Der Senat hat Befundberichte der behandelnden Ärzte der Klägerin und des Beigeladenen zu 2. eingeholt und die Vereinbarung zwischen den Beigeladenen zu 1. und 2. sowie die Leistungsnachweise des Beigeladenen zu 1. für dessen Tätigkeit für den Beigeladenen zu 2. in der Zeit von Juli 2010 bis Juni 2011 angefordert. Nach der am 26. März 2010 für die Zeit ab dem 1. April 2010 abgeschlossenen Vereinbarung werden durch den Beigeladenen zu 1. für den Beigeladenen zu 2. folgende Leistungen erbracht: LK 4 3mal wöchentlich, LK 11 bis zu 2mal monatlich, LK 13 2mal wöchentlich, LK 14 1mal wöchentlich, LK 16 1mal wöchentlich sowie LK 17 1mal wöchentlich. Nach dem ebenfalls übersandten Gutachten der Frau B. für den MDK Sachsen-Anhalt vom 12. Januar 2010 zur Feststellung der Pflegebedürftigkeit des Beigeladenen zu 2. leidet dieser an einer chronisch ischämischen Herzkrankheit mit Dyspnoe bei geringster Belastung, Deformitäten der Wirbelsäule und des Rückens nach Sturz und mehrfacher Wirbelkörperfraktur sowie einem Zervikalsyndrom. Es ist ein kraftloser Händedruck bei erhaltener Greiffunktion und Feinmotorik sowie Tremor feststellbar gewesen. Nach Auffassung der Gutachterin besteh ein Zeitaufwand für die hauswirtschaftliche Versorgung von 45 Minuten (je 2mal Einkaufen, Reinigen der Wohnung und Wechseln/Waschen der Kleidung und Wäsche sowie je 7mal Kochen und Spülen) täglich/5,3 Stunden wöchentlich.
Außerdem ist der Rahmenvertrag nach § 75 SGB XI zur ambulanten pflegerischen Versorgung vorgelegt worden. Der Beklagte ist nicht Vertragspartner. In der Anlage zur Vergütungsvereinbarung findet sich eine detaillierte Beschreibung der Leistungskomplexe. Danach beinhaltet der LK 19 (Zubereitung einer sonstigen Mahlzeit in der Häuslichkeit des Pflegebedürftigen) "1. Zubereitung 2. Spülen nur in Verbindung mit dem Pflegeeinsatz 3. Reinigen des Arbeitsbereichs nur in Verbindung mit dem Pflegeinsatz". Hinsichtlich der näheren Einzelheiten wird auf Blatt 142 ff. der Gerichtstakte verwiesen.

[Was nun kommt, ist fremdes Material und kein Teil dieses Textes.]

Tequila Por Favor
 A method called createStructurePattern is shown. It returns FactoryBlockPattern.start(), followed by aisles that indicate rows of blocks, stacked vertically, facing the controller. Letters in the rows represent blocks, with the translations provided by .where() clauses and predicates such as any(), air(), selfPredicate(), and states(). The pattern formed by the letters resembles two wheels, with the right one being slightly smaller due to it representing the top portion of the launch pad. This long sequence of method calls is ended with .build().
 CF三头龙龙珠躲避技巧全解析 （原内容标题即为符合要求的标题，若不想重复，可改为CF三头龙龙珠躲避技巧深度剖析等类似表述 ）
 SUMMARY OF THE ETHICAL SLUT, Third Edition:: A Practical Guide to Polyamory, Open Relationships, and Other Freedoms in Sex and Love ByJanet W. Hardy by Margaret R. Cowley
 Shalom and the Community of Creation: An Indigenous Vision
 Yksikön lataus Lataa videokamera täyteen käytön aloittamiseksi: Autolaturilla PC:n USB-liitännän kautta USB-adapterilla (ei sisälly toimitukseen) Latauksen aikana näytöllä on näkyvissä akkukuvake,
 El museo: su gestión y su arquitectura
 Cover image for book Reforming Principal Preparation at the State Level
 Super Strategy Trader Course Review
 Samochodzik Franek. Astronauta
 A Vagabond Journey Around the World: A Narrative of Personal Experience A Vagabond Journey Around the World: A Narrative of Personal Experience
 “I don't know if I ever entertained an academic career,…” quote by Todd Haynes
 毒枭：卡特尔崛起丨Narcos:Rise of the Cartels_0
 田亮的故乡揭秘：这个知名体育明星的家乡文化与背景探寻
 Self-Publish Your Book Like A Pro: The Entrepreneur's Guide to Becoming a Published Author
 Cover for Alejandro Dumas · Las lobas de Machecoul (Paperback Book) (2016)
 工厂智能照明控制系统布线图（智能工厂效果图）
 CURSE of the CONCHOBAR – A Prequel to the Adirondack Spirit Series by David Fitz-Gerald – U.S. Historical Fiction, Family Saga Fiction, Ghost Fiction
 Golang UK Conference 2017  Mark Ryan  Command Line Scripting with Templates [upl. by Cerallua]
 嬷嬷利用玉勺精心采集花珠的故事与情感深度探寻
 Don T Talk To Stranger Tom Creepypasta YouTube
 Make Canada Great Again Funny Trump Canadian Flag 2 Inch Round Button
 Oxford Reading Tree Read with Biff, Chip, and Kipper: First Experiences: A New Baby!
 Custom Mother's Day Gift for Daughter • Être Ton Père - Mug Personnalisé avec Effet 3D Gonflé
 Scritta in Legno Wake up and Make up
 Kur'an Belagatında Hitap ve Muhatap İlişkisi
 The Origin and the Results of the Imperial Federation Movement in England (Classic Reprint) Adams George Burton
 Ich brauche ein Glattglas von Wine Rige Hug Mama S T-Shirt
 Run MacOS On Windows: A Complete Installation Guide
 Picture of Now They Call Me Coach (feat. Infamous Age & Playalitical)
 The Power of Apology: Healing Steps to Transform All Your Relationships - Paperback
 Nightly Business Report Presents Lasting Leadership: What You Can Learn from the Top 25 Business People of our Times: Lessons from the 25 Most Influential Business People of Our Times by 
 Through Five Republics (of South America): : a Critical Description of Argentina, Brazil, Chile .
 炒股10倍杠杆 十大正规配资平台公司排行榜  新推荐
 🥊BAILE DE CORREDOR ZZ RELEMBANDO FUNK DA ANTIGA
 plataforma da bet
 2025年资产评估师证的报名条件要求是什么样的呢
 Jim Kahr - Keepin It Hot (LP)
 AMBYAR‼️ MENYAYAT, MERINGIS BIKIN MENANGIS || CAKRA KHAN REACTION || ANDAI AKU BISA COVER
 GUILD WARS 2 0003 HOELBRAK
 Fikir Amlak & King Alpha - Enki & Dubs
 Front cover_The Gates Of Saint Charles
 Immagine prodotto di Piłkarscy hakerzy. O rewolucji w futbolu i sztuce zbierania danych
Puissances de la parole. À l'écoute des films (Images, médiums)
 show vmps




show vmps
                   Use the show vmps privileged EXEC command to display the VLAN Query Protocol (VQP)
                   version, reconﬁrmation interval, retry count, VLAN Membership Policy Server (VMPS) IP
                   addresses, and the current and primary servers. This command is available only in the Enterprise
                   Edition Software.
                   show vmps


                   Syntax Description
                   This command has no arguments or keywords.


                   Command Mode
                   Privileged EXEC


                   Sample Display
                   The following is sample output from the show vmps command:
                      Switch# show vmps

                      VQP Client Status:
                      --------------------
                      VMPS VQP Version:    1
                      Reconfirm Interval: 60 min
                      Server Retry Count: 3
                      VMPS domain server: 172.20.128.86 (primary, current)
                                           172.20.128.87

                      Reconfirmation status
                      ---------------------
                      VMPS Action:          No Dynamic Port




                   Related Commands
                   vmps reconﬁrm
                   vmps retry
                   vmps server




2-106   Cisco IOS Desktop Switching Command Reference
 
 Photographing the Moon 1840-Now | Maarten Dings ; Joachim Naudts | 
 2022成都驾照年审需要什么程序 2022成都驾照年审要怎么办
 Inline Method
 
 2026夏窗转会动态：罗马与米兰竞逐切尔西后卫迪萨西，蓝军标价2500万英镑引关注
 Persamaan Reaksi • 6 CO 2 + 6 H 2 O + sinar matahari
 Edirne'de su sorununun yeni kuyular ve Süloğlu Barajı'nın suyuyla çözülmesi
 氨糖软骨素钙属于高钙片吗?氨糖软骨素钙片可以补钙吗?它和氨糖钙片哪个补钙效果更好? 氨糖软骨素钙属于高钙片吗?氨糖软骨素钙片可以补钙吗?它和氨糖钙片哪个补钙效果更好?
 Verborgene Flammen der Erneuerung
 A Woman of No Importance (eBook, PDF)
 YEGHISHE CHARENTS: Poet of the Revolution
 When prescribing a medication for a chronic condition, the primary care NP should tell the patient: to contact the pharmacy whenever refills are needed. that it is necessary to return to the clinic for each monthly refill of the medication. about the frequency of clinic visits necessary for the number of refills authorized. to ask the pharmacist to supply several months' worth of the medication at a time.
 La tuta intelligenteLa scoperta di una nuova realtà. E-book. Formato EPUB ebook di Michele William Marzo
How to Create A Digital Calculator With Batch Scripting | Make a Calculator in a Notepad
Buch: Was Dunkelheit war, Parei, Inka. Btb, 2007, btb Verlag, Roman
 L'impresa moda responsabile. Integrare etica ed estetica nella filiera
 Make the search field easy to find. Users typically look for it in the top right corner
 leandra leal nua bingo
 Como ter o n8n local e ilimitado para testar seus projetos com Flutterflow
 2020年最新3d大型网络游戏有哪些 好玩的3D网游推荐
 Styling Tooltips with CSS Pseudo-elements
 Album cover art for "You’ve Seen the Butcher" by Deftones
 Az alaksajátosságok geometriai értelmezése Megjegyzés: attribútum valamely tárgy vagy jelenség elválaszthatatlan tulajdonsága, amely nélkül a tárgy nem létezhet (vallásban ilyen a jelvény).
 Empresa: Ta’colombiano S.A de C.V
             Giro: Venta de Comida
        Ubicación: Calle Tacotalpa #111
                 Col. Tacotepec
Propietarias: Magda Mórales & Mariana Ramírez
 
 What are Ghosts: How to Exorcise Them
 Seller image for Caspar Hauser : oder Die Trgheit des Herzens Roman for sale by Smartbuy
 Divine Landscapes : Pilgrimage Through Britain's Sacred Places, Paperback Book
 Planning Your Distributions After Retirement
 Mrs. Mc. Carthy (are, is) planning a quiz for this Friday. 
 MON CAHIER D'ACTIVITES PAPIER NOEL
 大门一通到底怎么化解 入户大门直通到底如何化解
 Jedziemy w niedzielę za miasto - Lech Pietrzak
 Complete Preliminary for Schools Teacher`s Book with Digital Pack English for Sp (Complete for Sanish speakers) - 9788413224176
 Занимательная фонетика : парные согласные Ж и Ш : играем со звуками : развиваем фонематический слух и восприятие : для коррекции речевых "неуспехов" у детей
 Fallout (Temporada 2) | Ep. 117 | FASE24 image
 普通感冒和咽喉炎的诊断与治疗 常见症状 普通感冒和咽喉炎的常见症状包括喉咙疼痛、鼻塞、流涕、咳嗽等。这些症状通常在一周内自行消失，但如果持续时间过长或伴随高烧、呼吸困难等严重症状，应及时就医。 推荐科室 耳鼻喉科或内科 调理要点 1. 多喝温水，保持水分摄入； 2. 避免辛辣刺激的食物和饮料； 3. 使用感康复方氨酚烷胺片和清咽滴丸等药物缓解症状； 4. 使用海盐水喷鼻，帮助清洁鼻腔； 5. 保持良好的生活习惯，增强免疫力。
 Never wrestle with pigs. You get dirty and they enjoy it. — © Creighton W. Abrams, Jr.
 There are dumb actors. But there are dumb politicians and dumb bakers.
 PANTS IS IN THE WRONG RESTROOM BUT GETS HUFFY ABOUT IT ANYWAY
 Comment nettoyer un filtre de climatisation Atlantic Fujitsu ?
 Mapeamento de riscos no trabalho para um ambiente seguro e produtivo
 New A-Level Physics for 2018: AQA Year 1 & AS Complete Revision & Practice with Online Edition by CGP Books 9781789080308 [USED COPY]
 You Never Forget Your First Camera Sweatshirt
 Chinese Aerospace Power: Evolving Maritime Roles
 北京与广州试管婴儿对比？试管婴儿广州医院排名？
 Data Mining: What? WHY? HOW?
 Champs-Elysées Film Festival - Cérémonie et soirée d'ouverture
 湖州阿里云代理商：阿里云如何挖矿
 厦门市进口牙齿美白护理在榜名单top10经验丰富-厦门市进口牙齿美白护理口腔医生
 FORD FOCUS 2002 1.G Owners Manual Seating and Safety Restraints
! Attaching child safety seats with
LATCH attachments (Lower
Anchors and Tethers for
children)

Die Beteiligten haben sich übereinstimmend mit einer Entscheidung ohne mündliche Verhandlung einverstanden erklärt.
Die Gerichtsakte und die Verwaltungsakte des Beklagten haben vorgelegen und waren Gegenstand der Beratung des Senats. Wegen der weiteren Einzelheiten des Sachverhaltes und des Sachvortrages der Beteiligten wird auf den Inhalt dieser Akten ergänzend verwiesen.
Entscheidungsgründe:
Die Berufung des Beklagten ist zulässig. Sie ist form- und fristgerecht gemäß § 151 Sozialgerichtsgesetz (SGG) eingelegt und insbesondere im Sinne der §§ 143, 144 Abs. 1 Satz 1 Nr. 1 SGG statthaft. Denn im maßgebenden Zeitpunkt der Berufungseinlegung (vgl. Meyer-Ladewig/Keller/Leitherer, SGG, Kommentar, § 144 Rn. 19 m.w.N.) hat sie sich auf eine Geldleistung bezogen, die den in § 144 Abs. 1 Satz 1 SGG genannten Wert von 750,00 EUR überschritten hat. Das Sozialgericht Halle hat den Beklagten zur Gewährung von Hilfe zur Pflege durch Übernahme der Kosten des herangezogenen Pflegedienstes für die Zeit vom 1. Juli 2010 bis zum 30. Juni 2011 hinsichtlich der Bedarfe des LK 14 (1mal wöchentlich), LK 16 (1mal wöchentlich) und LK 19 (5mal wöchentlich) verurteilt. Für diesen Zeitraum und die vorgenannten Leistungskomplexe stehen nach den Abrechnungen des Beigeladenen zu 1. noch Zahlungen in Höhe von 1.371,30 EUR aus.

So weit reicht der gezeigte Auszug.